Moje dziewczyny nie miały nigdy aż takich akcji. Nawet tymczasy nie atakują. Czasem zastanawiają się, czy nie dziabnąć ręki miziającej brzuszek, ale zawsze tak pytająco patrzą najpierw w oczy. Wtedy ja robię najwyraźniej wystarczająco groźną minę i one rezygnują nim jeszcze zaczną.
Może to dlatego, że na sobie się rozładowują?
Ale z drugiej strony Brawurka nigdy nie miała taki zapędów, ani wobec nas, ani wobec suniek, a troszkę czasu była jedynaczką.
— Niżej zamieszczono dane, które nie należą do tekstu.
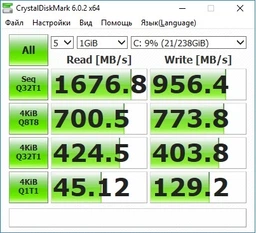 Накопитель SSD M.2 2280 128GB Patriot (PS128GPM280SSDR) фото от покупателей 9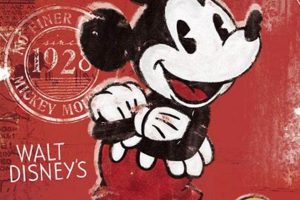 Collecting Vintage Mickey Mouse Posters: Art & Value Vintage Treasures: Discover Rare Antiques, Collectibles & Retro Finds Collecting Vintage Mickey Mouse Posters: Art & Value | Vintage Treasures: Discover Rare Antiques, Collectibles & Retro Finds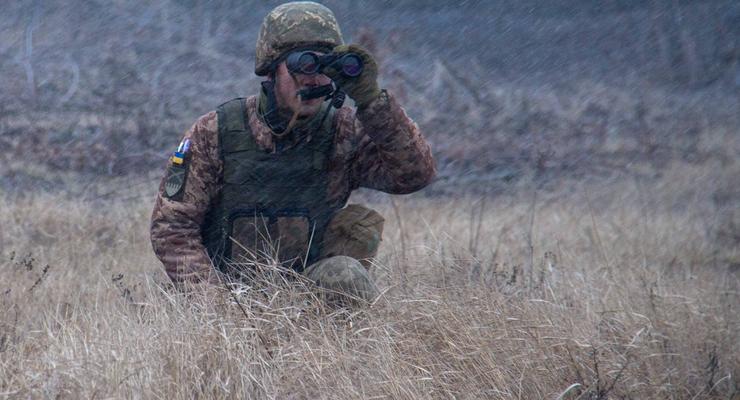 На Донбассе снова погиб украинский солдат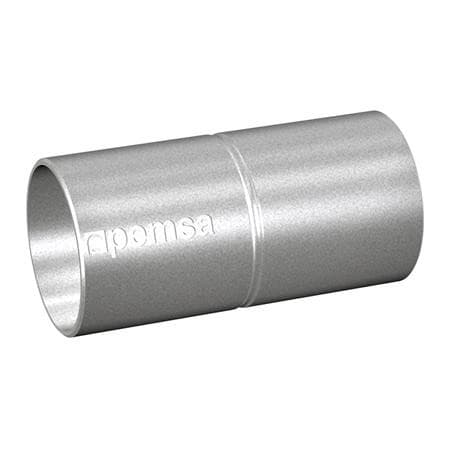 "muffe 40mm (1 1/2"")l=75mm varmgalv."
Koczi, jak zaatakuje, to nie wyrywaj ręki. Wręcz przeciwnie dociśnij do niego i tak jakby rozluźnij. Bo w kocie każda próba uwolnienia się pobudza jeszcze instynkt łowczy. Jednocześnie spróbuj pstryknąć go w ucho, syknąć, warknąć, wsadzić palac odrobinkę w gardziołko. Ale to wszystko szybko i sprawnie, bez szarpania. Powinien odpuścić. Jak masz go gdzie izolować, to po takiej akcji na 5 min. do, jak ja to nazywam "karceru". U nas to koci pokój, z którego chętnie korzystają, ale kiedy to jest kara i drzwi zamknięte, to się wyciszają i coś tam to główki dociera. U nas Gaja zalicza odsiadki a napady na Zuzię. Pomaga.
Oczywiście to tylko takie domowe porady. Piszę o tym co skutkuje w naszym przypadku.